Initial jobless claims fell for the second straight week last week, according to numbers released by the Labor Department on Monday.
First-timers filed 472,000 jobless claims in the week ending Aug. 28, down 6,000 from the week prior. The four-week moving average on claims, which is a better measure since it accounts for outliers, was 485,500, a decrease of 2,500 from the previous week's average.
“It’s not exactly anything to throw a party over,” Thomas Bodenberg, head of Economics for Unity Marketing, said. “Overall, however, we can be cautiously optimistic with the emphasis, of course, being on cautiously.”
Additionally, the number of continuing claims filed by workers for more than one week in the week ended Aug. 14 fell by 62,000 to 4.46 million. The four-week moving average for ongoing claims fell by 28,500 to 4.485 million. Continuing claims are reported with a one-week lag.

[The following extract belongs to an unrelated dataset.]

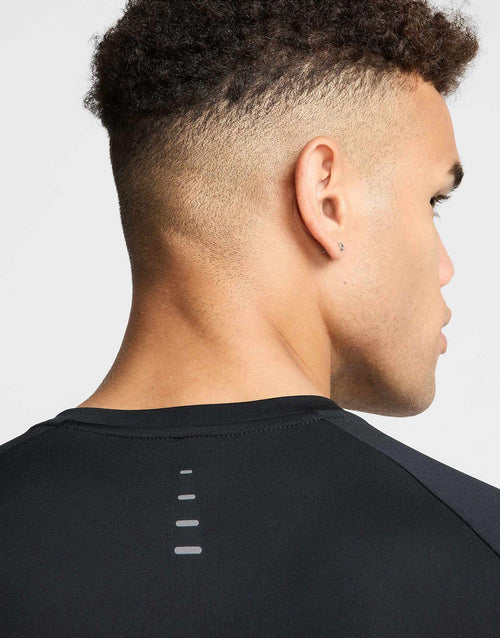 เสื้อยืดผู้ชาย Stride Dri-FIT ADV Running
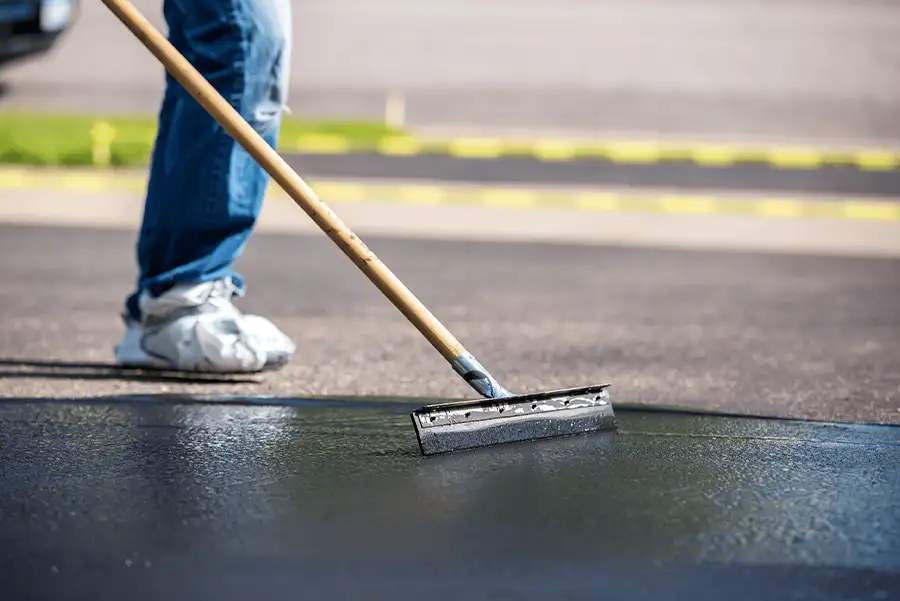 Asphalt Sealcoating - Jacksonville, IL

Bodenberg said that the numbers collectively paint a “mixed picture.” According to him, the Labor Department’s recently released stats indicate the job market is leveling out as opposed to improving. He said that while the small decrease in claims indicates that employers are no longer making mass layoffs, the country has yet to see an dramatic pick-up in consumer demand.
Still, Bodenberg adds “at least we are not seeing indicators of a decrease in economic stability.”
Claims had been stuck in the mid- to upper-400,000 range for about nine months prior to a spike in early August when claims for jobless benefits rose by 12,000 last week to 500,000. It was the fourth increase in five weeks.
Bodenberg said that the latest numbers weren’t likely to be affected by any special factors, such as the start of a new school year, as they are seasonally adjusted.
Jobless claims in seven states declined by more than 1,000 in the week ended Aug. 21. Claims in California dropped the most, by 5,893, while Puerto Rico had the largest increase in claims, with a rise of 2,190.